Barbadian Brazilians

Total population
- 5,000

Regions with significant populations
- Porto Velho · Manaus · Belém^{[citation needed]}

Languages
- Portuguese · Bajan Creole^{[citation needed]}

Religion
- Major Roman Catholics Animists · Protestants^{[citation needed]}

Related ethnic groups
- Barbadian British · Barbadian Canadians

= Barbadian Brazilians =

Barbadian Brazilians (Barbadiano-brasileiro) or Bajans, refers to Brazilian people of full, partial or predominantly Barbadian ancestry, or Barbadian-born people residing in Brazil.
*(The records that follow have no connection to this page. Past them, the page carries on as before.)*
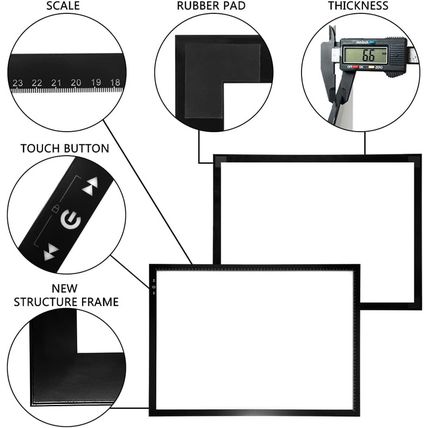 HSK A2 Artist Tracing Light Box Copy Table 12V2A Adapter Dimmerable 5000 Lux Loc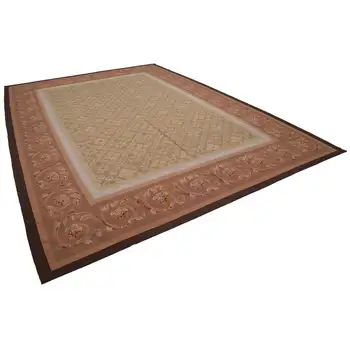 

301x420 Cm Brown Handmade Aubusson Rugs-10x14 Ft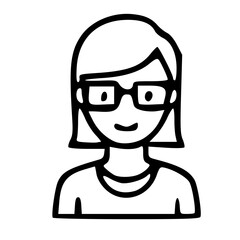 Outline Handdrawn Woman with Glasses Avatar Minimalist Style Icon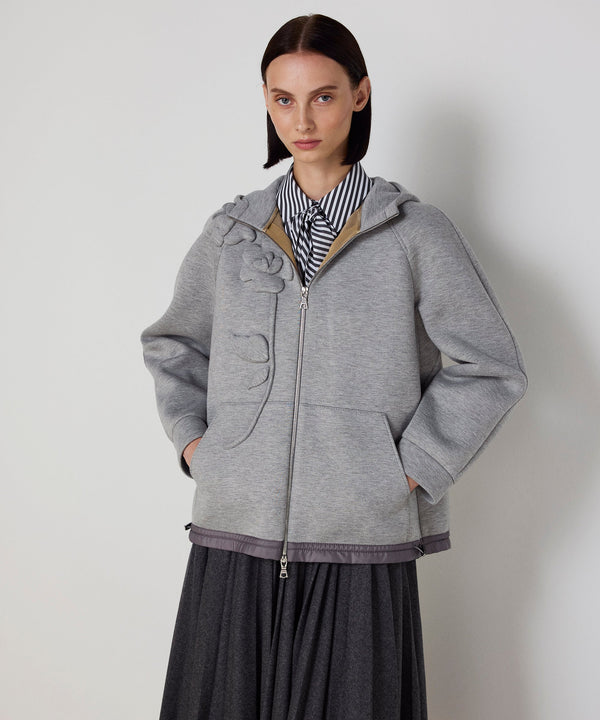 Machka Floral Appliqué Sweatshirt Light Grey Melange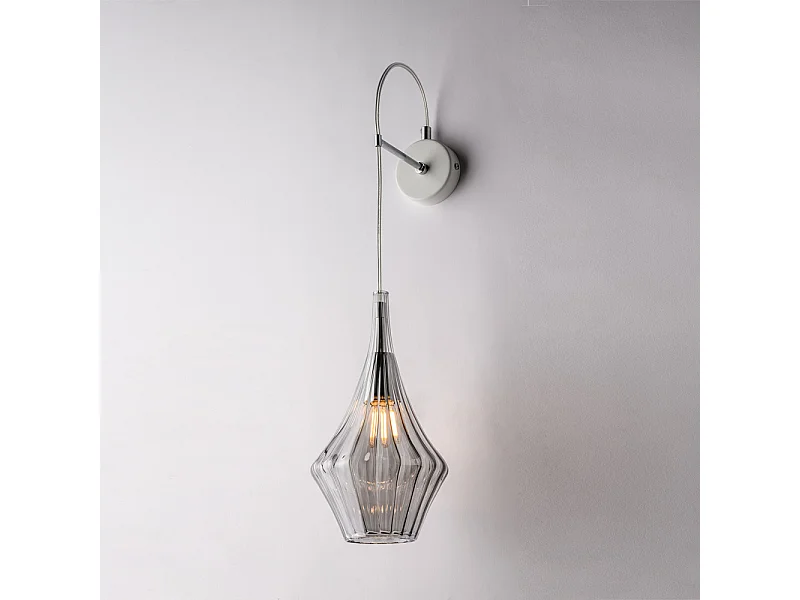 Bonetti Illumina -  Zeus - Wandleuchte aus Eisen mit grauem Pyrexglas 1 Licht .14 - P.21 - BL270-AP1-GR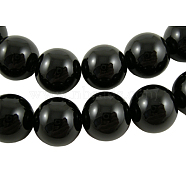 Natural Black Onyx Round Beads Strands, Grade A, Dyed, 16mm, Hole: 1.5mm, about 26pcs/strand, 16 inch(GSR16mmC097)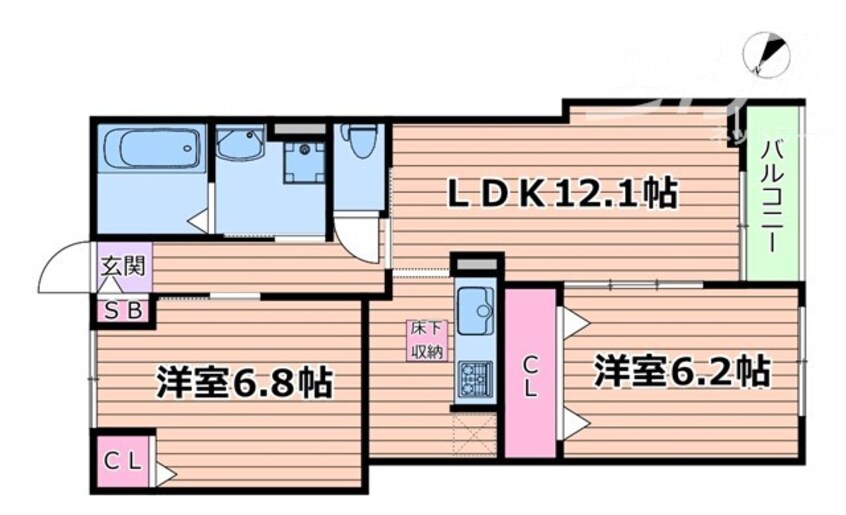 間取図 西豊川町アパート-2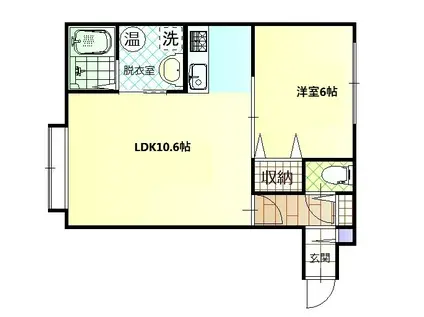 SKY BLUE(1LDK/1階)の間取り写真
At the beginning of the 20th century, many Barbadians worked in the Amazonas region, Pará and Rondônia. There had been a mass exodus from the Caribbean in order to take part in the rubber boom, and the poor socio-economic conditions in Barbados at the time made Brazil an enticing place to search for a better life. In 1911 Roger Casement who was a British consular official at the time undertook a special investigation of the condition of Barbadian workers in the Putomayo Valley then part of Peru traveling to that region by going up the Amazon. The Barbadian presence is still evidenced through some surnames of British origin found in Brazil, such as Alleyne, Mottley, Maloney, Depeiza, Blackman and Layne.